任:当时选的不是那个,当时选的大的,屏风的那个。 
栗:那张画的照片现在还找的到么? 
任:照片都没有了。当时有个反转片印在《中国现代艺术展》的小册子上。 
栗:但是形成后来有点象文人画那种笔触味道的,最早是那张屏风么? 
任:还不是,屏风有点算是大块面的处理,题目是《安魂曲》,人物也很虚的,画的鬼里鬼气的,有点变形,长条幅三联画。画面上的人物画得现在看来还是挺时髦的那种,露一个腿,穿着长袍,有点象西方唱歌剧的人穿的。然后刚刚毕业出来画了一批,如杨艺肖像的那一批,完了之后才开始画小笔触的。这些还是跟中国传统和民间的造型形象有关系,慢慢那种文人画笔触的感觉就出来了。 
栗:这种风格、造型和笔触跟什么有关系? 
任:我估计还是和当时生活在贵阳的心境有关系,那时候比较安静,其实那时外面的活动是很丰富的,只是还没有波及到贵阳,我还是按照那种感觉。但是喜欢那种感觉是很小时候的事,只不过没有转化成图像语言。 
栗:你说的小时候就喜欢是指什么? 
任:学画的时候看到民间造型挺好玩,比较幽默,比例都不对,不是按美术学院的标准,是头大小脚。毕业以后先勾一些东西,勾着勾着开始感觉这个也挺舒服,就开始画这种感觉,没有太刻意,是比较自然地转化过来的。 
栗:我看到那种画的感觉是,画面情调很慵懒,象宋词的那种境界,色彩很斑斓,小笔触用的很多,这种小笔触又不象西方文艺复兴以后油画强调塑造形体的那种感觉。你强调画面上每一层笔触都能看得见,象宣纸上的笔触感觉,这种穿插的笔触造成斑斓的效果,我觉得这是你那一时期非常重要的特点,这种东西从什么地方过来的? 
任:这是因为当时比较喜欢印象派的笔触,当时还是从纯油画笔触的角度来考虑的,但形象和气氛决定了这个跟印象派是有距离的,实际是不一样的。只是我们所能理解的是从西方油画笔触转化的,肯定还是考虑这个因素,只不过具体的形象是选择了较为中国的,民间版画插图,以及与我看生活中一些人的感觉而来的,我记得当时经常在街上看到一些人的感觉之后回来画的。  
栗:但造型方法还是从民间艺术过来的。你不是画现实里人的真实样子,而是画变形了的,象民间插图那样的感觉,或者说用民间插图的感觉看生活里的形象,这个形象就在你的视觉感官里发生了变化。 
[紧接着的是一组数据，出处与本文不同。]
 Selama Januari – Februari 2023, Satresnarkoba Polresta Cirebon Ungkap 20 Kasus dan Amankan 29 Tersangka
任:对。有一个转化的过程,比如画一张稿子,最后画着画着实际上是自己在画面上延续和变形了现实的感觉,这时就画成了一种跟民间图式有关的东西,说明还是跟那个有关系的。 
栗:你能不能具体说说这个民间是什么? 
任:比如说象春宫画,我最早看的一套春宫是从国外的画册上打印下来的,模模糊糊的一个东西,觉得这个挺好玩的,就开始勾勒,最早主要是受这个影响。 
栗:你想没想过传统文人画的笔触? 
任:没有。因为早些时候刘晓纯拿着很多画册出来问我,他当时要写一篇文章,说你有没有研究过这个皴法?我说没有,实际上是个自然的过程。 
栗:印象派的笔触是很灵动的感觉,但是印象派有个很重要的特点是研究光,研究外光给人的感觉,你的那批画的外光感觉并不强。 
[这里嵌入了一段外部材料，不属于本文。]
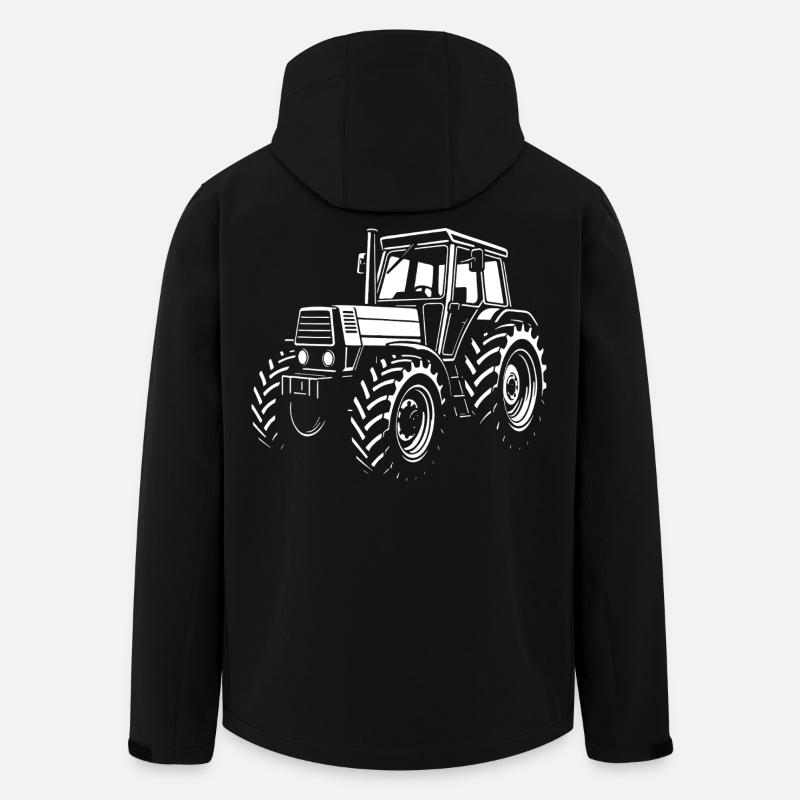 Ackerkraft in retro style - Men’s Recycled Softshell Jacket by Stanley/Stella - black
任:对,是平的,是装饰的。我说这个转化过程其实很奇怪,你最后得到的东西不一定是想的东西,往往是这样。或者说他人看到的东西和你想的是不一样的。 
栗:你开始对那批春宫画的造型和色彩有感觉,就有一个心理上的下意识的东西。 
任:对,至少是我喜欢的,被这个吸引。 
栗:这个心理过程就会把这个笔触转换成中国味道了。 
任:对,印象派还是对光源,对现实的研究,我这个已经不是对现实的研究,是为情造一个景。 
栗:是一种情调。 
任:对,是为这个服务的,是那种东西搬过来,不是对一个现实的描述。 
栗:我也看过不少春宫画,那种情调很象宋以后世俗生活的慵懒、温情的情调,这个很关键。 
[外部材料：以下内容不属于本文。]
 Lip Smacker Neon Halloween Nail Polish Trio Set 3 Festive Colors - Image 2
任:选择这个可能跟我的个性有关系,我自己的个性不是能面对特别现实的,特别刺激我的东西,一般都会有意地回避,觉得这个东西太尖锐,太没有余地。 
栗:喜欢呆在家里边胡思乱想。 
任:对对,就是自己给自己造一个虚拟的景,但是我在这个景里面能走动,好像是我能生活在这里面。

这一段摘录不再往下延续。